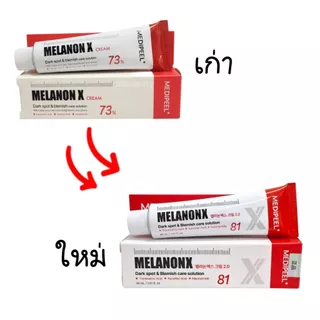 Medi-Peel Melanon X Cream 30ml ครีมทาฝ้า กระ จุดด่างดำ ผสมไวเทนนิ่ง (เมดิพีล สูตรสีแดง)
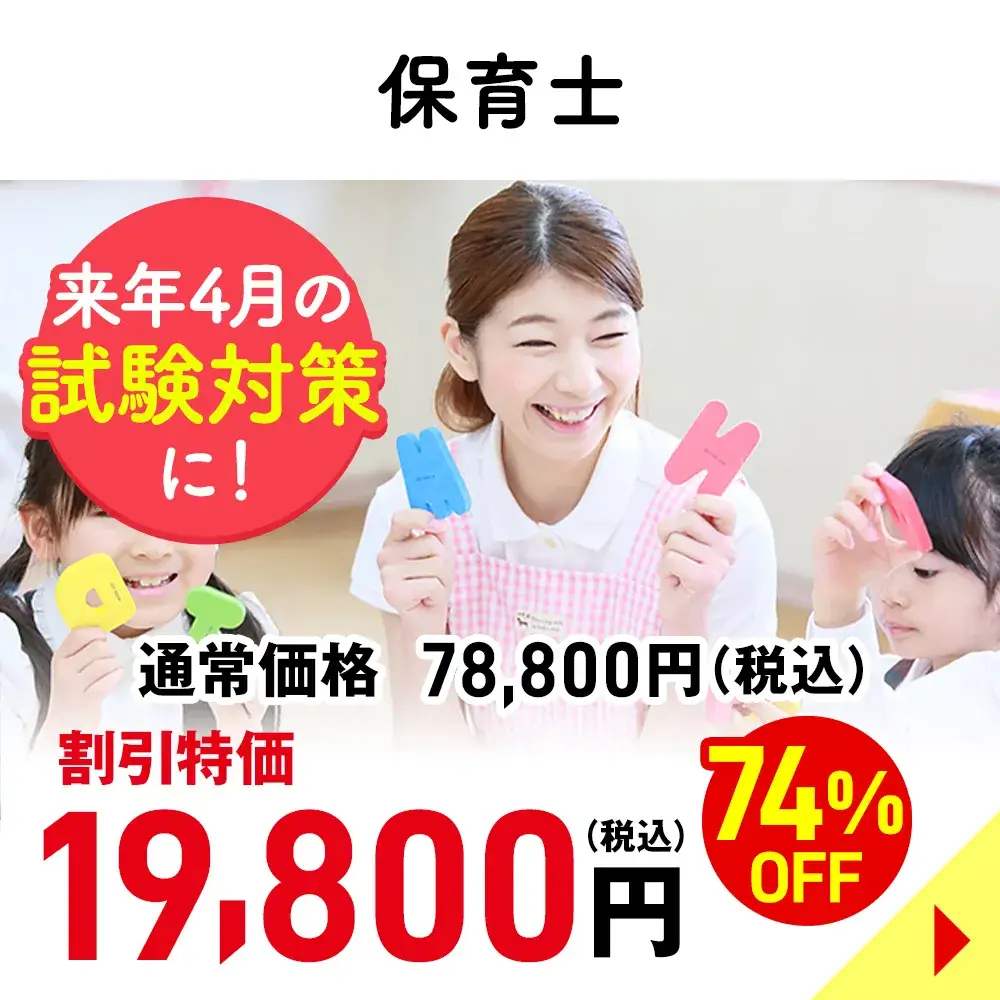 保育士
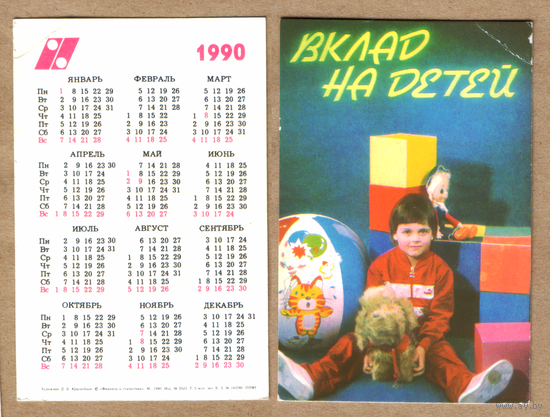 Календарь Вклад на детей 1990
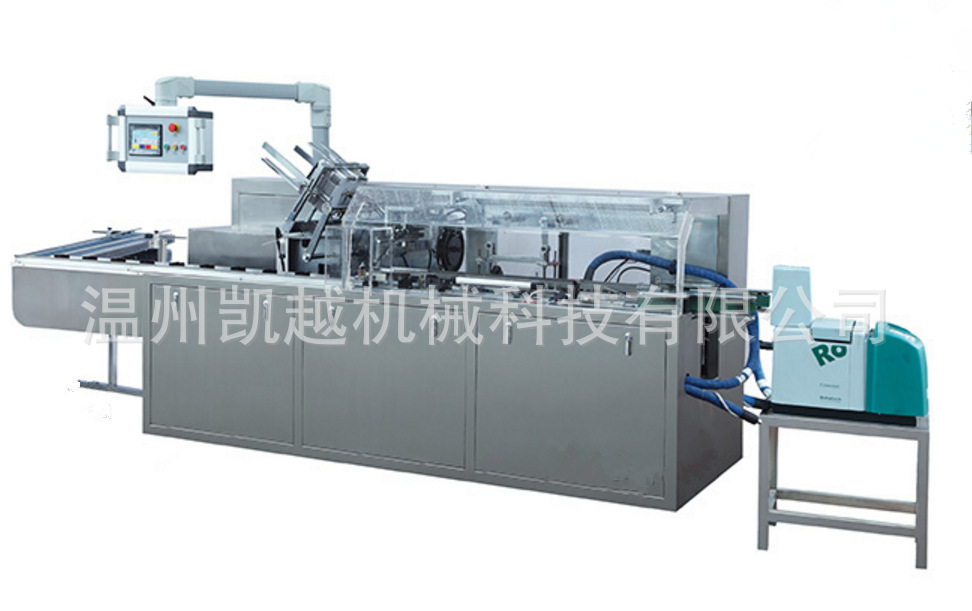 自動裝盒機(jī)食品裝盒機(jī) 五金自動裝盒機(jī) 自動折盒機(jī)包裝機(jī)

Task details: Word for word, repeat all the data, but not its images.

Result of this task:
 Medi-Peel Melanon X Cream 30ml ครีมทาฝ้า กระ จุดด่างดำ ผสมไวเทนนิ่ง (เมดิพีล สูตรสีแดง)
 保育士
 Календарь Вклад на детей 1990
 自動裝盒機(jī)食品裝盒機(jī) 五金自動裝盒機(jī) 自動折盒機(jī)包裝機(jī)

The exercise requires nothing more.